Sebelum sidang dibuka, hakim mengingatkan saksi dan
orang lain yang bersangkutan dengan perkara tindak pidana
Narkotika dan Prekursor Narkotika untuk tidak melakukan
perbuatan yang dilarang sebagaimana dimaksud pada ayat
(1).
Pasal 100
Saksi, pelapor, penyidik, penuntut umum, dan hakim yang
memeriksa perkara tindak pidana Narkotika dan Prekursor
Narkotika beserta keluarganya wajib diberi perlindungan
oleh negara dari ancaman yang membahayakan diri, jiwa,
dan/atau hartanya, baik sebelum, selama maupun sesudah
proses pemeriksaan perkara.
Ketentuan lebih lanjut mengenai tata cara perlindungan
oleh negara sebagaimana dimaksud pada ayat (1) diatur
dengan Peraturan Pemerintah.
Pasal 101
Narkotika, Prekursor Narkotika, dan alat atau barang yang
digunakan di dalam tindak pidana Narkotika dan Prekursor
Narkotika atau yang menyangkut Narkotika dan Prekursor
Narkotika serta hasilnya dinyatakan dirampas untuk
negara.
Dalam hal alat atau barang yang dirampas sebagaimana
dimaksud pada ayat (1) adalah milik pihak ketiga yang
beritikad baik, pemilik dapat mengajukan keberatan
terhadap perampasan tersebut kepada pengadilan yang
bersangkutan dalam jangka waktu 14 (empat belas) hari
setelah pengumuman putusan pengadilan tingkat pertama.
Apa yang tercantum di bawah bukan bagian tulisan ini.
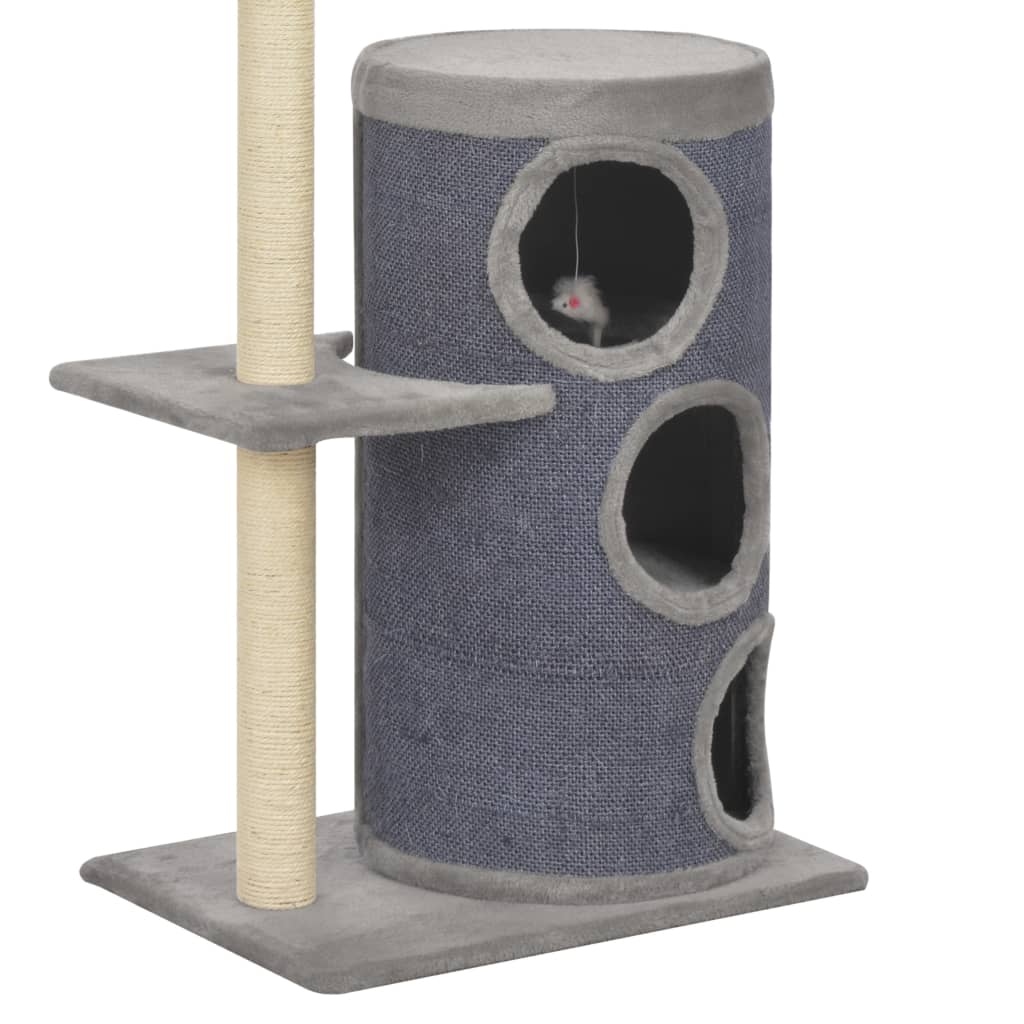 Albero per Gatti con Pali Tiragraffi in Sisal Grigio 148 cm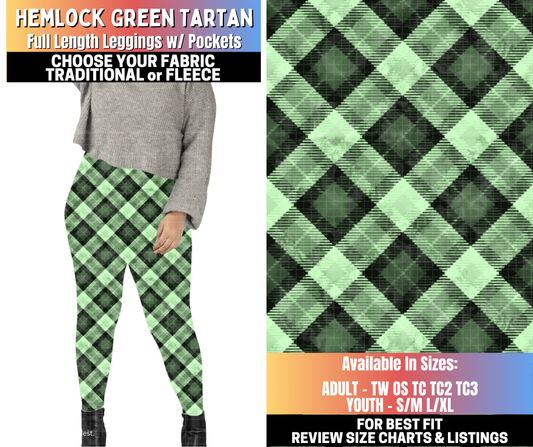 Preorder! Closes 10/15. ETA Jan. Hemlock Green Tartan Leggings Choose Fleece or Traditional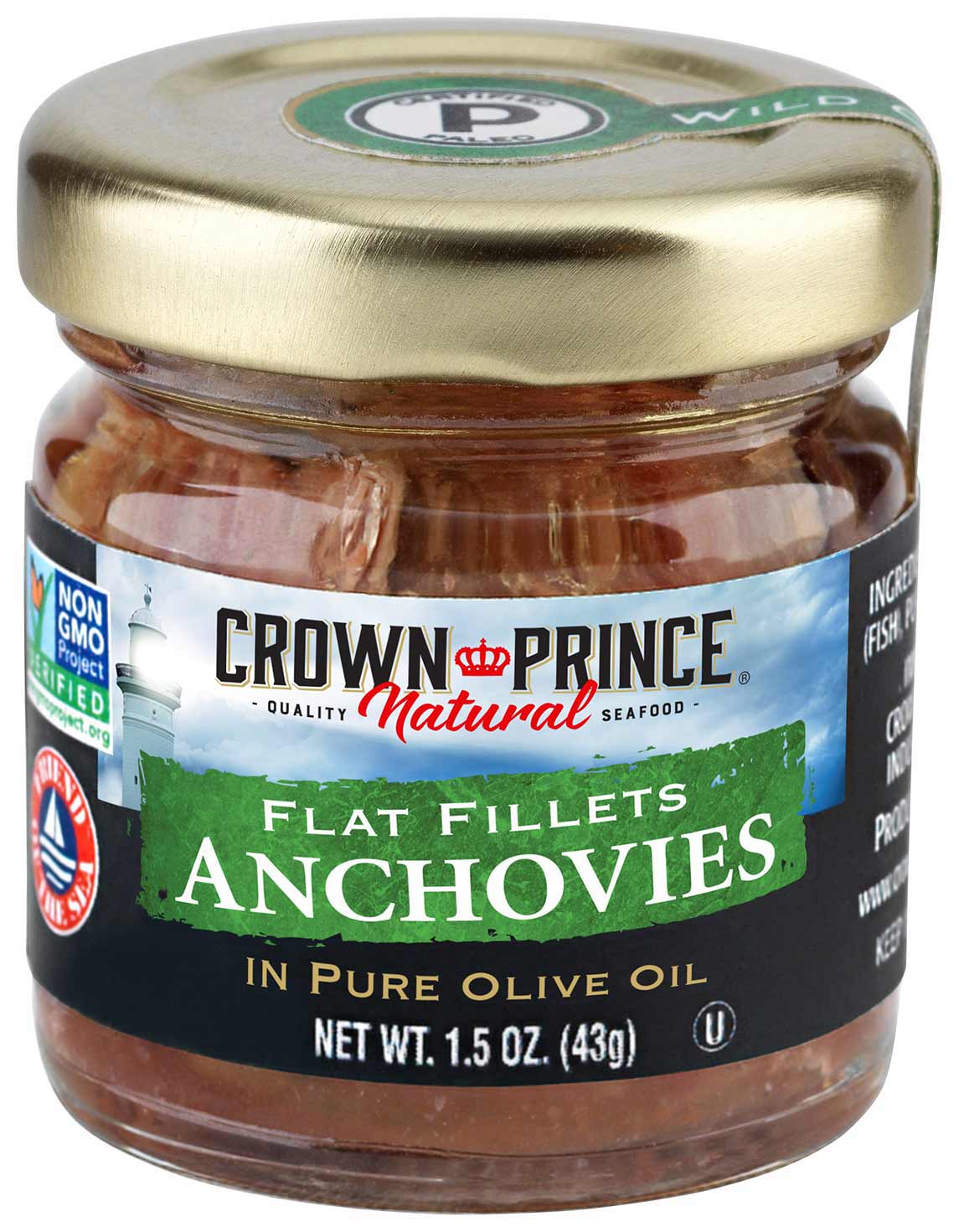 Crown Prince Natural Flat Fillets of Anchovies in Pure Olive Oil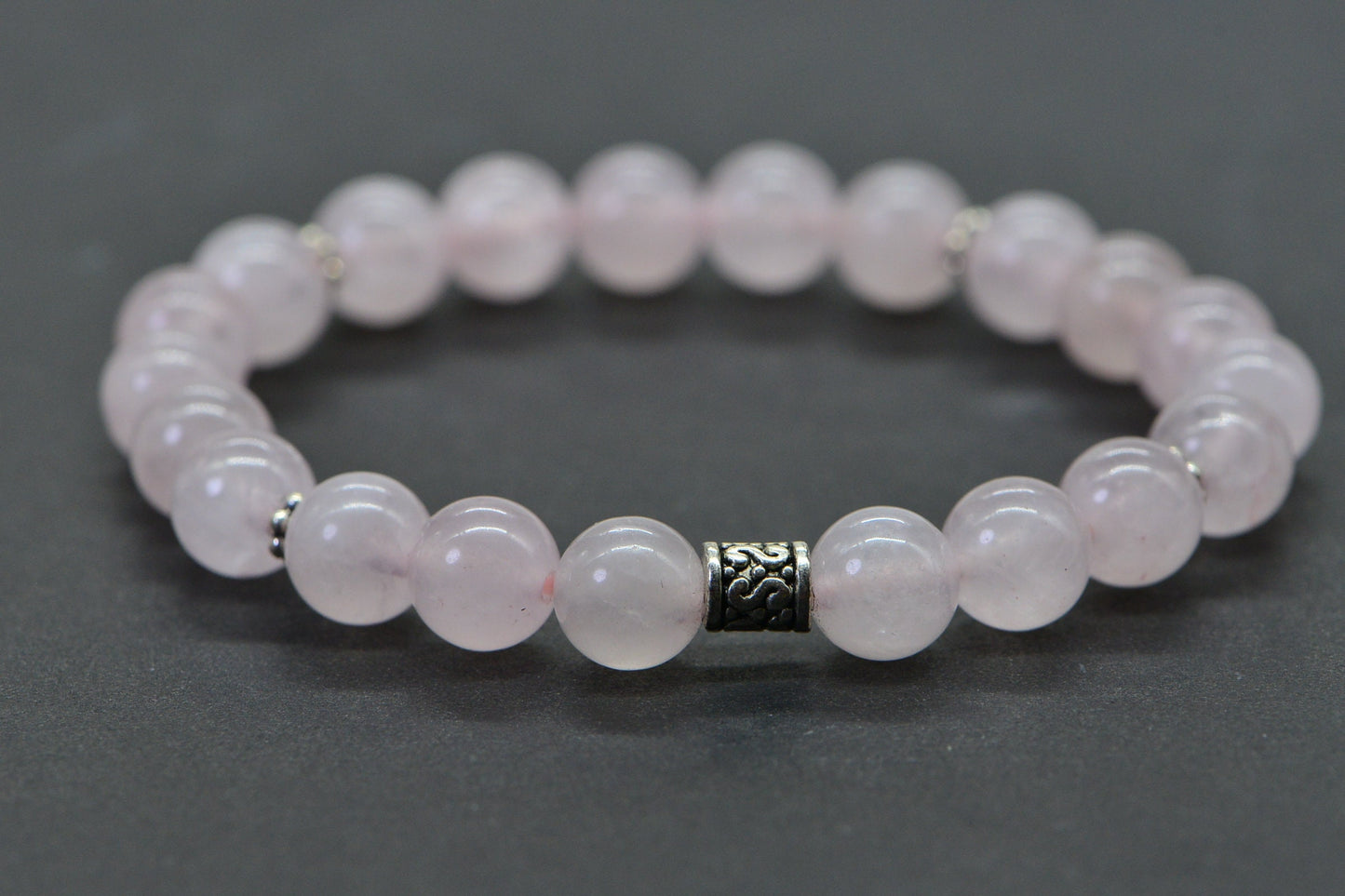 Rose Quartz Bracelet: 8mm Round Gemstone Beads, Love Bracelet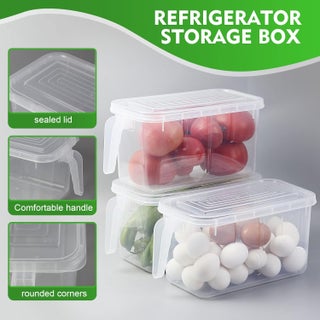 Food Storage Boxes With Lids Freezer Safe Volwco 3 Pcs 4.7L Large Plastic Kitchen Refrigerator Stackable Food Fruit Storage Containers With Handle - view 5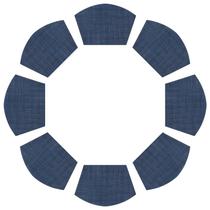 Conjunto de 8 tecidos de vinil Wedge Placemats SHACOS para mesa redonda Conjunto de 8 tecidos de vinil Wedge Placemats SHACOS para mesa redonda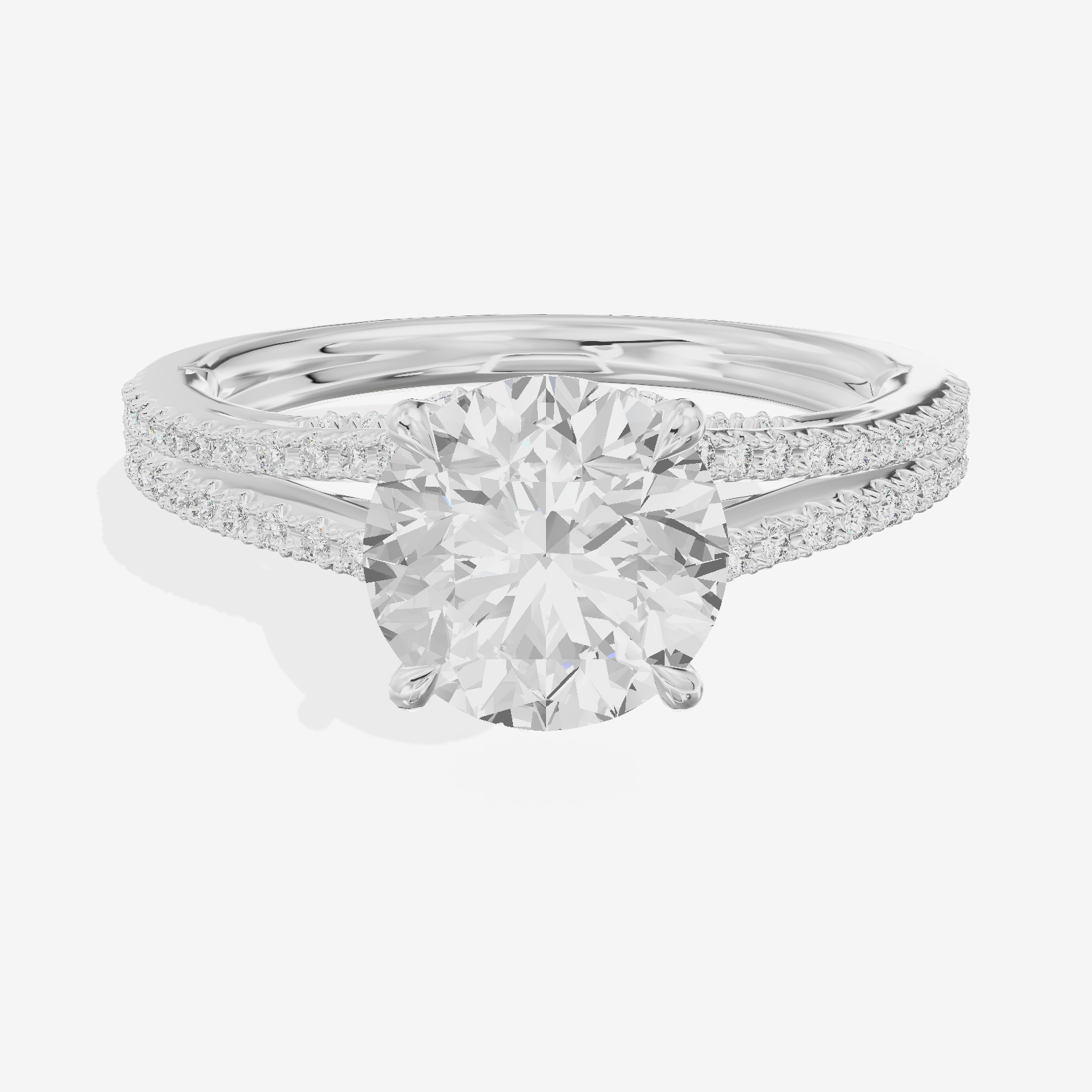 Aimora Cathedral 2mm Round Solitaire Engagement Ring (1/3 ct. tw.) in 14K White Gold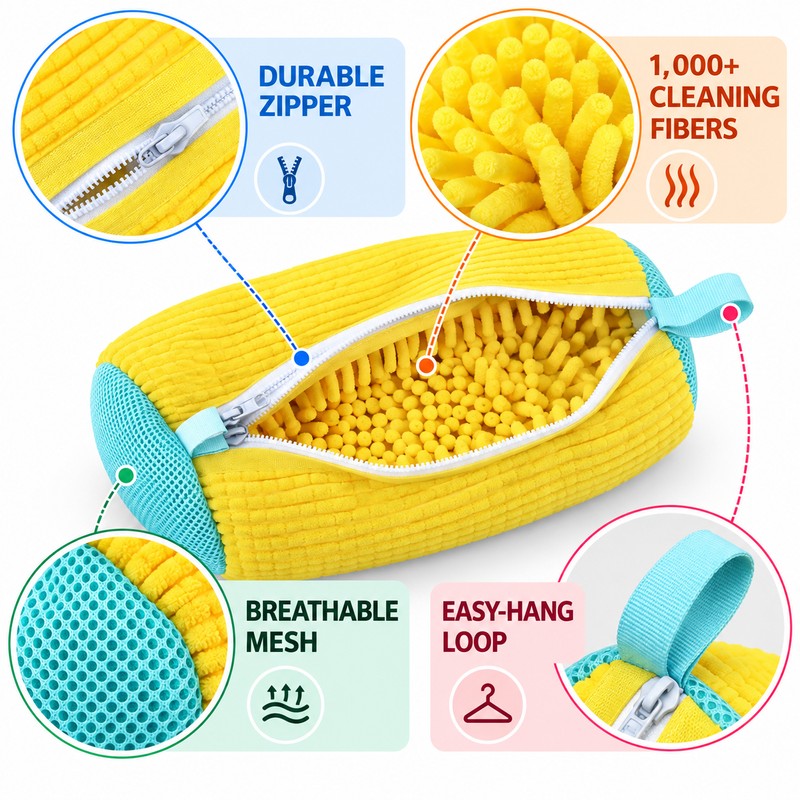 2 Pack Shoe Washing Bags for Washing Machine – Soft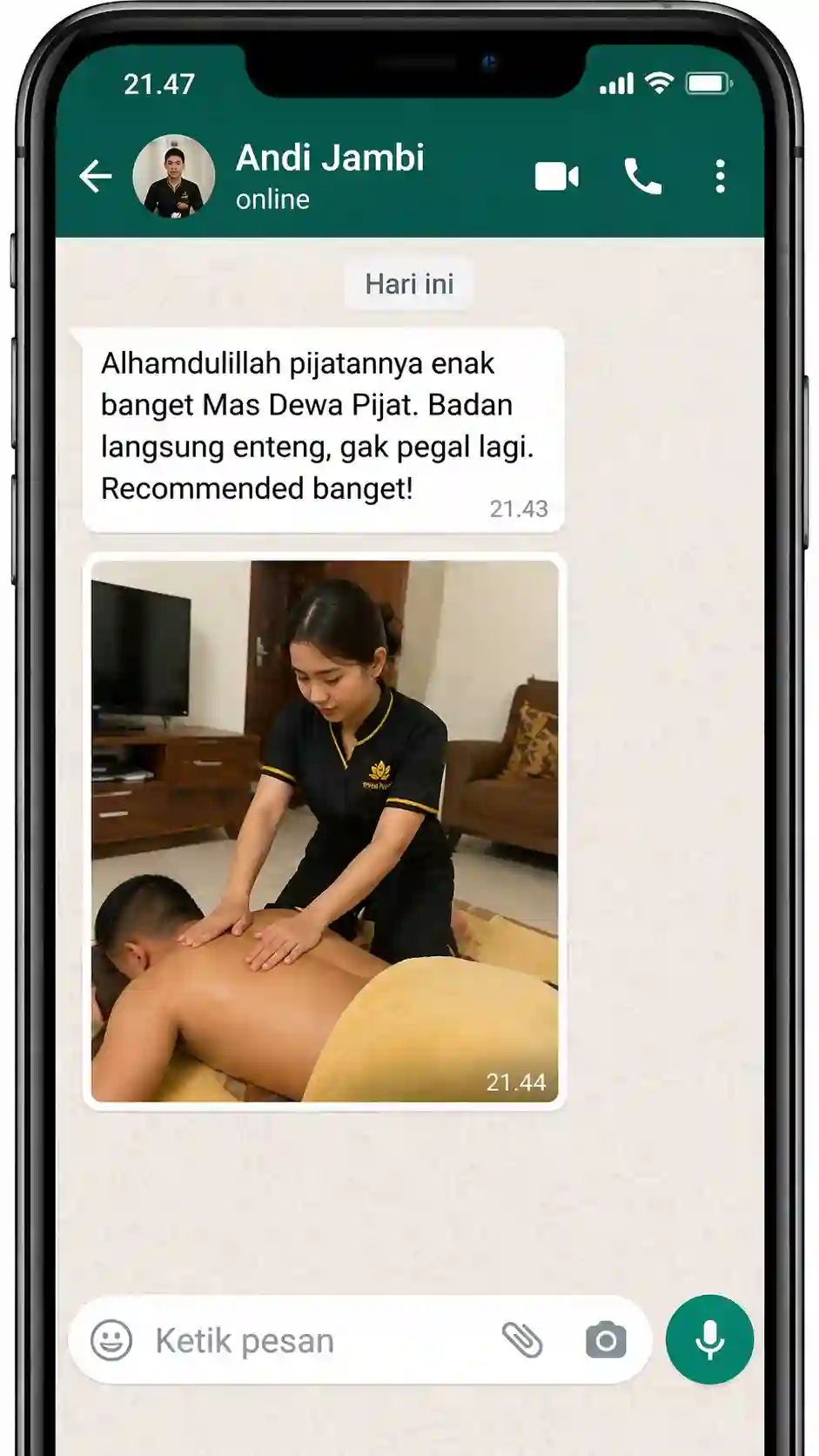 Testimoni Pelanggan Pijat Tradisional Panggilan di Jambi By dewapijat.com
Seluruh harta kekayaan atau harta benda yang merupakan hasil tindak pidana Narkotika dan Prekursor Narkotika dan tindak pidana pencucian uang dari tindak pidana Narkotika dan Prekursor Narkotika berdasarkan putusan pengadilan yang telah memperoleh kekuatan hukum tetap dirampas
untuk negara dan digunakan untuk kepentingan:
pelaksanaan pencegahan dan pemberantasan penyalahgunaan peredaran gelap Narkotika dan Prekursor Narkotika; dan
upaya rehabilitasi medis dan sosial.
Ketentuan lebih lanjut mengenai tata cara penggunaan harta kekayaan atau aset yang diperoleh dari hasil tindak pidana sebagaimana dimaksud pada ayat (3) diatur dengan Peraturan Pemerintah.
Pasal 102
Perampasan aset sebagaimana dimaksud dalam Pasal 101 dapat dilakukan atas permintaan negara lain berdasarkan perjanjian antarnegara.
Pasal 103
Hakim yang memeriksa perkara Pecandu Narkotika dapat:
memutus untuk memerintahkan yang bersangkutan
menjalani pengobatan dan/atau perawatan melalui
rehabilitasi jika Pecandu Narkotika tersebut terbukti bersalah melakukan tindak pidana Narkotika; atau
menetapkan untuk memerintahkan yang bersangkutan
menjalani pengobatan dan/atau perawatan melalui
rehabilitasi jika Pecandu Narkotika tersebut tidak terbukti bersalah melakukan tindak pidana Narkotika.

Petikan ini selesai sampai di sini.